New Sanctions on Yemen


On May 16, the President signed an Executive Order authorizing sanctions against entities that threaten the peaceful political transition in Yemen. The order blocks property and interests in property that is in the U.S. or the possession or control of a U.S. person where the property belongs to who has threatened the the stability of Yemen and the implementation of the November 23, 2011 agreement with the Yemeni opposition and of political and military leaders who have assisted in those efforts. As always, the sanctions are complicated and you should review the source document.


Bad News for Dolphins


The WTO has reversed an earlier ruling. The Appellate Body determined that U.S. labeling rules for dolphin-safe tuna are technical barriers to trade that are more restrictive than necessary to accomplish the legitimate objective. It's probably bad news for tuna as well.


Chile Drawback Claims


Customs has noted that 19 USC 1313(j)(4)(B) limits the availability of drawback for certain goods exported to Chile. As a result, Chile FTA claims must be labeled as such. This relates to the phased-in elimination of drawback on goods subject to Chile FTA drawback. The law states that:


For purposes of subsections (a), (b), (f), (h), (j)(2), (p), and (q) of this section, if an article that is exported to Chile is a good subject to Chile FTA drawback, no customs duties on the good may be refunded, waived, or reduced, except as provided in subparagraph (B). 
(B)The customs duties referred to in subparagraph (A) may be refunded, waived, or reduced by—
(i)100 percent during the 8-year period beginning on January 1, 2004; 
(ii)75 percent during the 1-year period beginning on January 1, 2012; 
(iii)50 percent during the 1-year period beginning on January 1, 2013; and 
(iv)25 percent during the 1-year period beginning on January 1, 2014.

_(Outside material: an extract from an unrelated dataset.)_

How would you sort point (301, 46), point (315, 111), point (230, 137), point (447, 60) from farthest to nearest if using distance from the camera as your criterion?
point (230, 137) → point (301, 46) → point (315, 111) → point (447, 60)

FYI, goods subject to Chile FTA drawback are all goods imported into the U.S. unless exempted. Exemptions include goods exported in the same condition as imported and goods entered under bond for transportation and exportation to Chile.

2 comments:

Sarah said...

It makes sense that tuna legislation being too strict is never really a possibility. After all... profit is what drives canneries.

Sarah said...

Re: Yemem - As annoying as figuring out the sanctions on Yemen, or really any country the US isn’t terribly fond of it/its neighbors, are, one must wonder how much we’re really helping by placing more restrictions on such locales.